Ci siamo fatti male da soli. Un meraviglioso esercizio di masochismo nazionale. Ecco la sintesi brutale di giorni convulsi e pieni di inutili polemiche intorno alla riforma del Meccanismo europeo di stabilità (Mes) o più volgarmente salva-stati. Un osservatore straniero senza pregiudizi si rivolge alcune domande. Si chiede come mai un presunto colossale rischio per i risparmi degli italiani non sia stato nemmeno lontanamente intravisto da coloro che oggi lo temono gridando a squarciagola (Lega e Cinque Stelle) quando il precedente governo, di cui facevano parte, ne trattava i dettagli. Un mistero. Assumersi, di conseguenza, qualche responsabilità, se non diretta almeno politica, di «omessa vigilanza», no? Di certo, se facessero i consulenti finanziari non troverebbero tanti clienti.

Federico Fubini, sul Corriere, ha spiegato bene il funzionamento del Mes e i margini di trattativa ancora esistenti. Ha chiarito che non vi è un automatismo fra la richiesta di aiuto di uno Stato in difficoltà e la ristrutturazione del suo debito come avrebbero voluto i Paesi nordici. E che si tratta di creare un argine alle eventuali crisi bancarie per evitare effetti contagio. Dannosi per tutti. Certo, si poteva fare di più. Lo si può ancora fare in sede di approvazione del trattato, di completamento dell’unione bancaria e di redazione del bilancio 2021-27 di Bruxelles. Ma il medesimo osservatore straniero si pone altre domande chiave. Non sul Fondo salva-stati. Ma di fondo. Sulla credibilità del Paese.

Allora non escludete di fallire, vero? Perché non parlereste così, non vi agitereste, se foste tutti davvero sicuri di far fronte ai vostri impegni. Come dargli torto. Nella vita normale i dubbi sulla sostenibilità di un debitore assalgono i creditori. Non sono sventolati ai quattro venti dal debitore stesso. Un imprenditore che non esclude di andare a gambe all’aria, e si agita all’idea, non incoraggia la banca a fargli credito, né il risparmiatore comune a sottoscrivere le azioni o le obbligazioni della sua azienda.

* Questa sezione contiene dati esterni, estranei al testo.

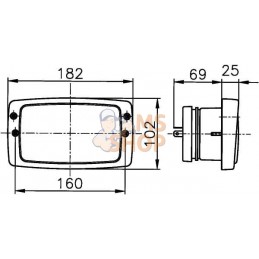 Phare halogène, rectangulaire, 12/24V, transparent, à boulonner, 182x94x102mm, Hella | HELLA Phare halogène, rectangulaire, 12/2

Il nostro amico straniero continua. Gentile, ma implacabile. Si chiede ancora: forse tutte queste polemiche nei confronti del funzionamento del Fondo salva-stati hanno il retropensiero di una possibile uscita dall’euro? Perché se fosse così non potete stupirvi che gli altri diciotto Paesi aderenti alla moneta unica siano diffidenti e tentino di cautelarsi, rafforzando pregiudizi, spesso infondati, nei vostri confronti. E poi: senza il Mes, ritrovando la vostra sovranità monetaria — che non equivale all’indipendenza, tutt’altro — il risparmio degli italiani sarebbe veramente a rischio in caso di difficoltà. Ne siete consapevoli? Non credo. Non state raccogliendo le firme nelle piazze italiane? Sì, appunto, non possiamo dargli torto, solo difendere la libertà di manifestazione e pensiero.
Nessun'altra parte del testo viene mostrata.